Principals were invited to give evidence to the House of Commons education select committee as it examined funding and the recent report by former head of the Audit Commission Sir Andrew Foster on the future role of colleges.
Pauline Waterhouse, principal of Blackpool and the Fylde college in Lancashire, told the committee she ran courses for one of the biggest employers in the seaside town, involved in the hospitality industry.
The course in improving customer service skills had been a success but, she said, the employer cancelled when the pound;80 fee was introduced. "The employer has refused to pay that amount," she added. "That is the kind of attitude we are facing."
Labour MP Gordon Marsden attacked businesses for refusing to invest in training workers: "That is a pretty demeaning and disgraceful indictment of business," he said. "If you can't get a major employer to pay that sort of money up-front for the benefit of their employees, I don't know how we are going to move in that direction."
Colleges have been told they must rely on bigger contributions from employers and students for courses that fall outside the priority areas, such as 16-19 education and basic skills.

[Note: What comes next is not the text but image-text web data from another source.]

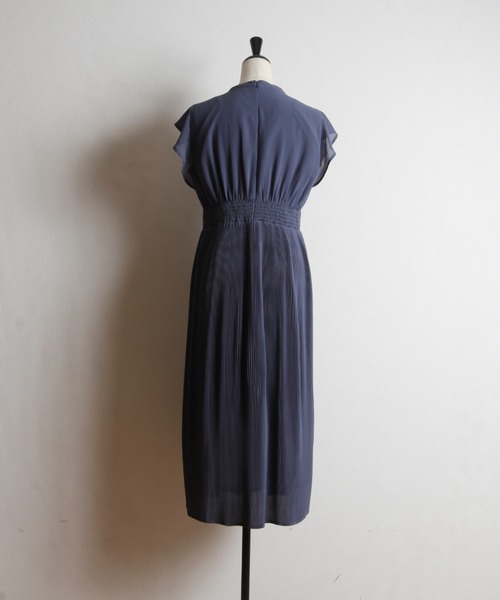 &. NOSTALGIA(アンドドットノスタルジア)の「ピンタックプリーツロングワンピース(ワンピース・レディース・ブラック/グレイッシュブルー・FREE)」の21枚目の写真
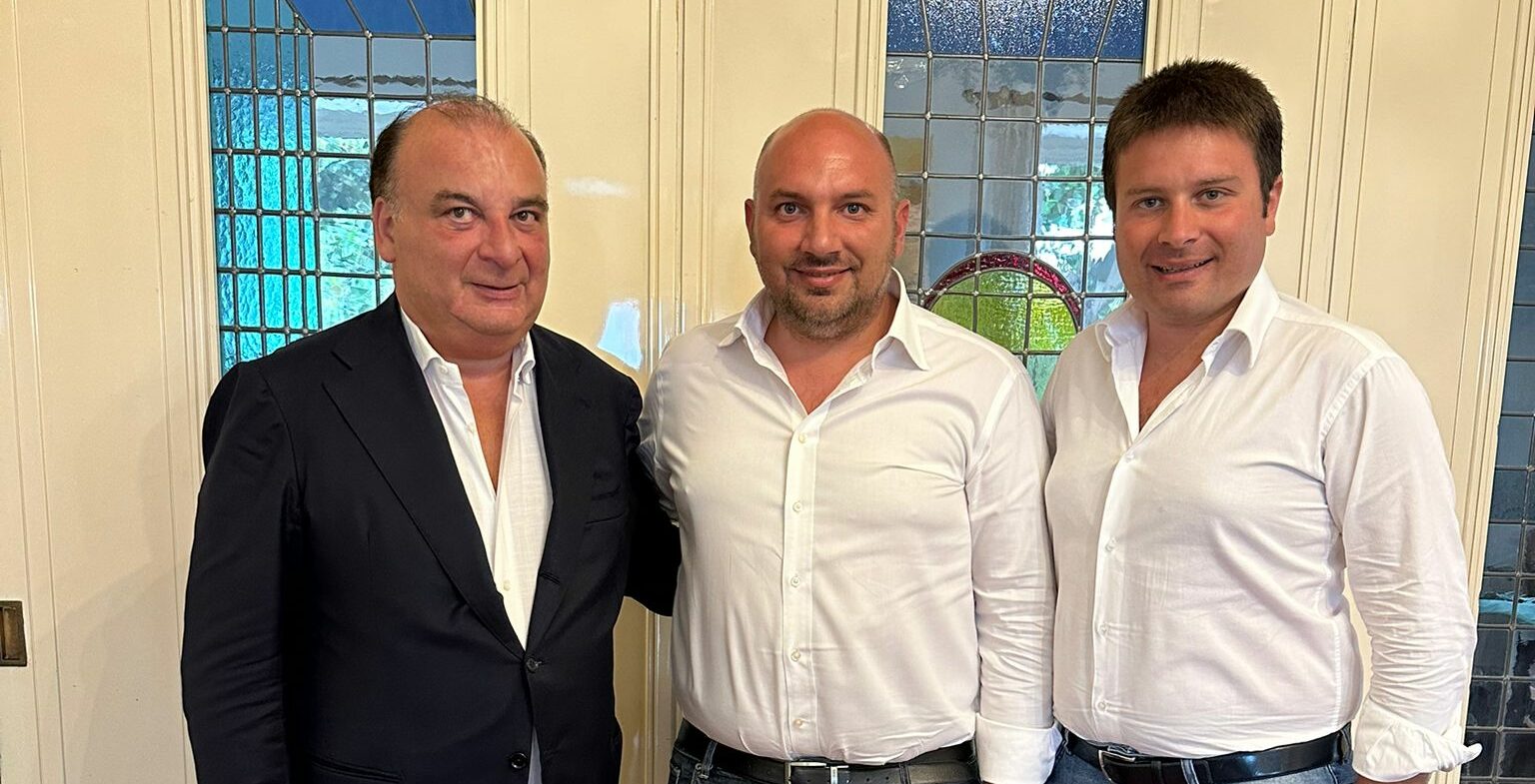 Parisi aderisce a Forza Italia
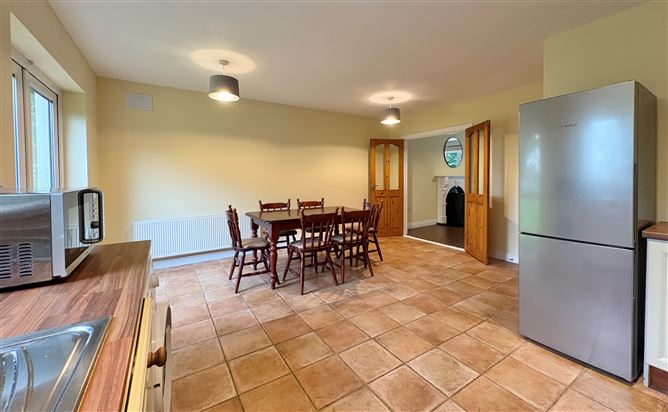 64 Chapelfields, Urlingford, Kilkenny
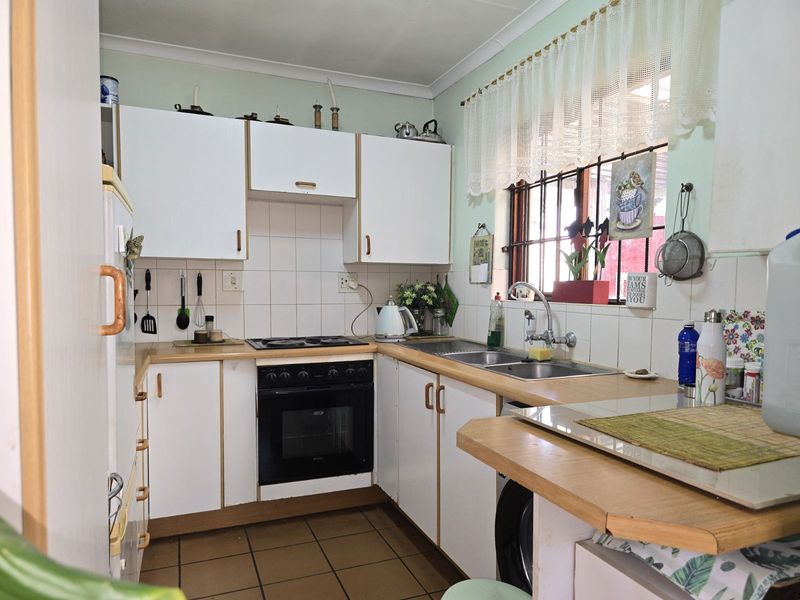 House For Sale in Zwartkop - Photo 9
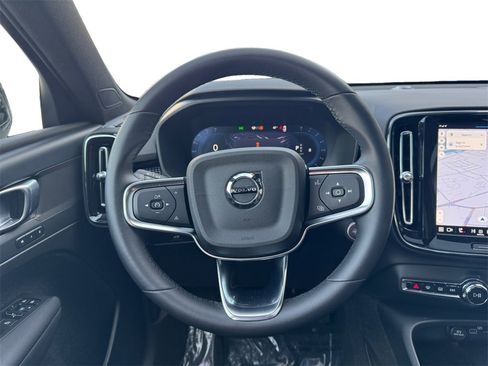 Certified 2025 Volvo XC40 B5 Plus image 13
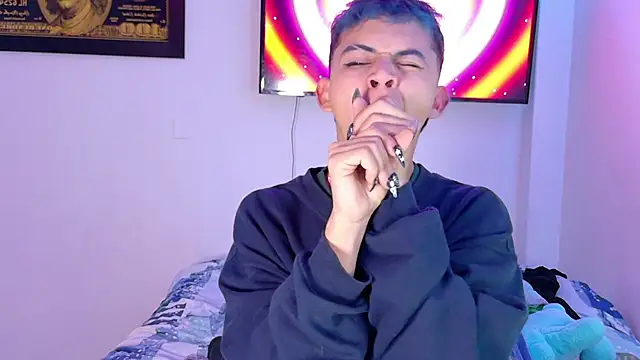 Snapshot of Apolo_Prince1 chatting on 14, 5, 2026 Apolo Prince1 online show from 14, 5, 2026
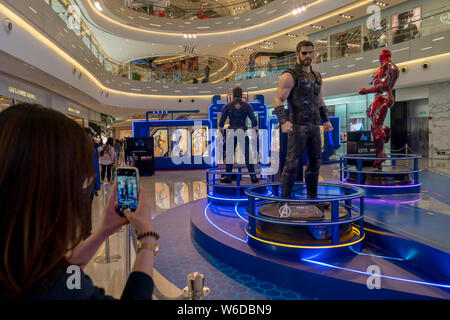 Blick auf die "Avengers: Infinity Krieg" Ausstellung in der iapm Shopping Mall in Shanghai, China, 17. August 2015. Mit Avengers: Infinity Krieg Manie in Stockfoto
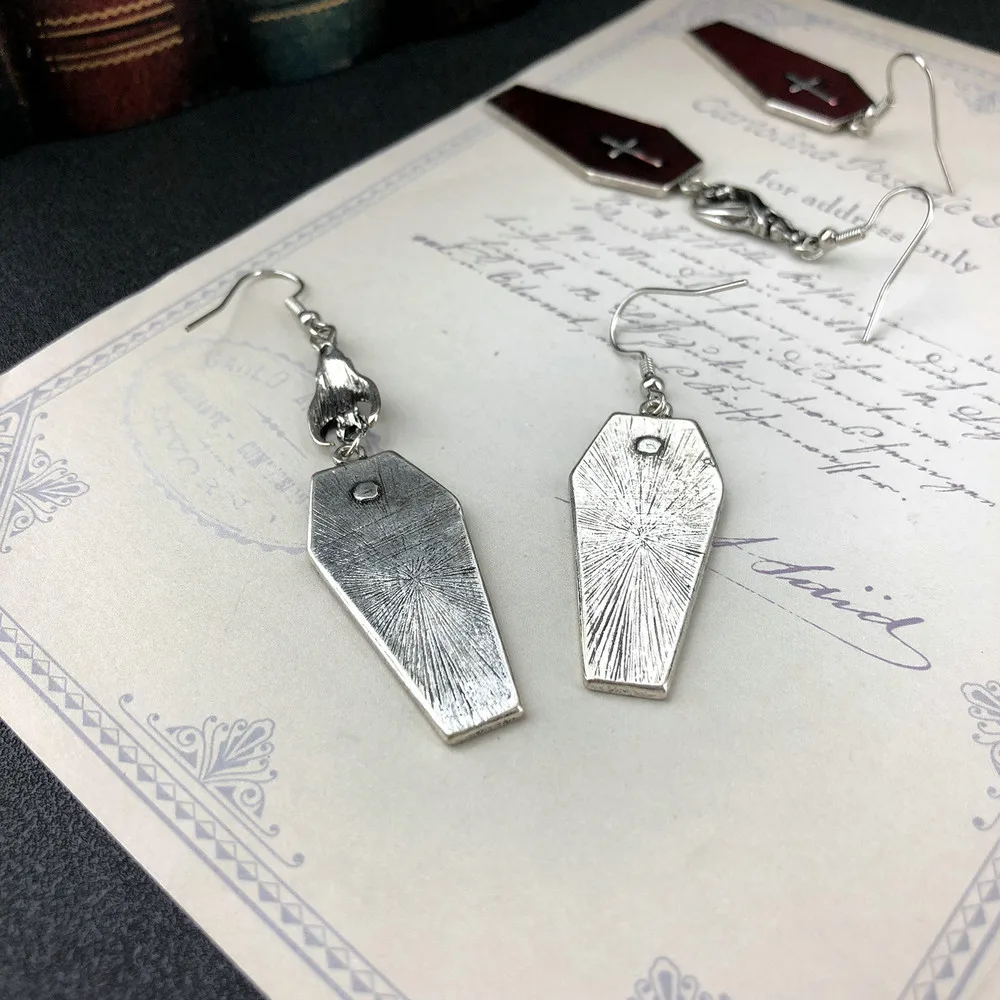 Женские серьги в виде гроба вампира с крестом | Украшения и аксессуары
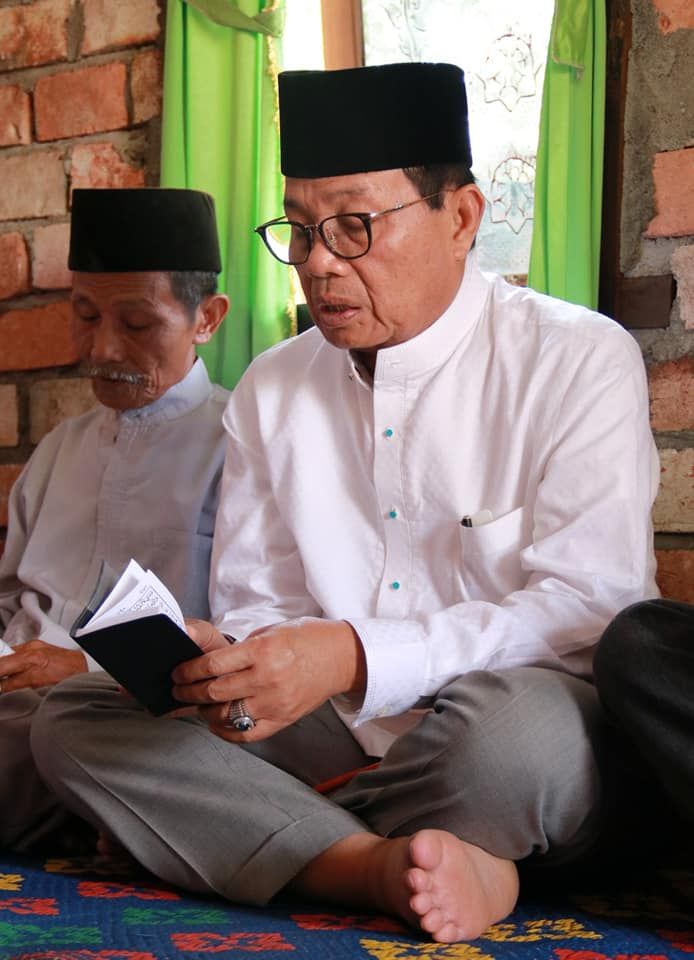 Gubernur Fachrori menyampaikan rasa duka yang mendalam kepada keluarga almarhum Asmara bin Rifai, personil Manggala Agni Daops Muara Bulian Provinsi Jambi yang gugur pada saat menjalankan tugas memadamkan Karhutla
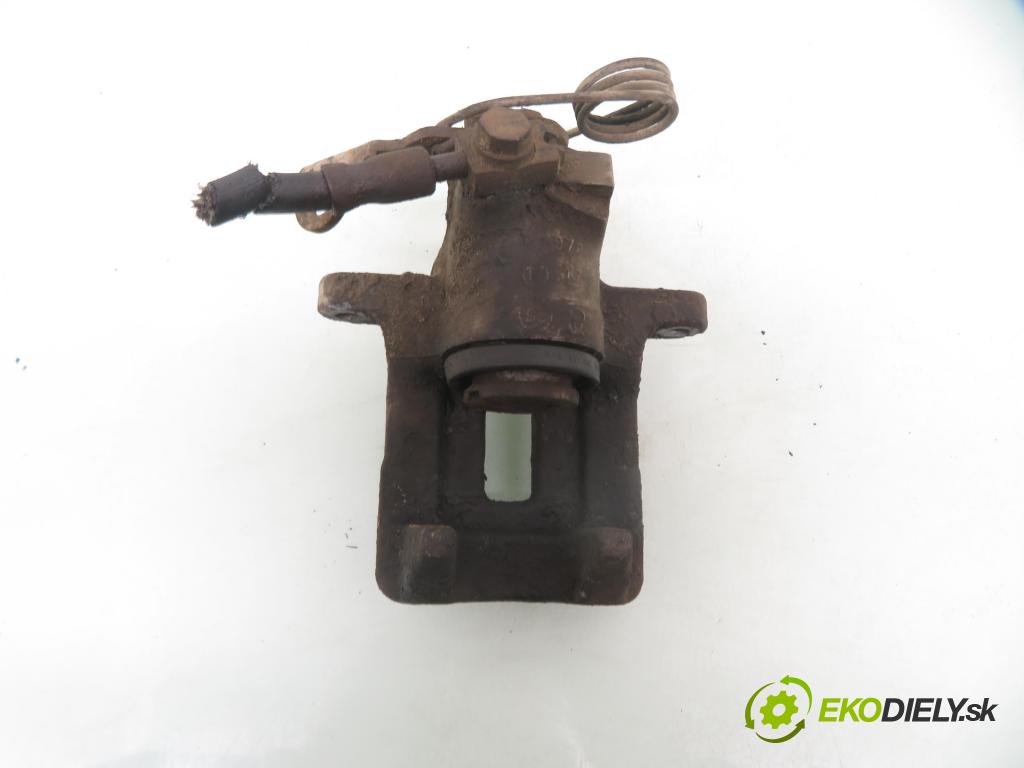 VW PASSAT B5 Variant (3B5) KOMBI 1997 74,00 1.9 TDI - AVB 1896,00 brzdič třmen PT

The Association of Colleges had predicted colleges would need more time to make the adjustment because the market was not ready for sudden fee increases in the timescale anticipated in Whitehall - a claim disputed by ministers.
It argues ministers have over-estimated the percentage of course costs that can be recovered in fees - but ministers have defended their corner, emphasising that FE has seen unprecedented increases in spending under Labour.
John Brennan, chief executive of the Association of Colleges, told the Commons committee that there needed to be a shift in cultural attitudes to investment in learning among individuals and employers "We are going to struggle to achieve that kind of shift," he added.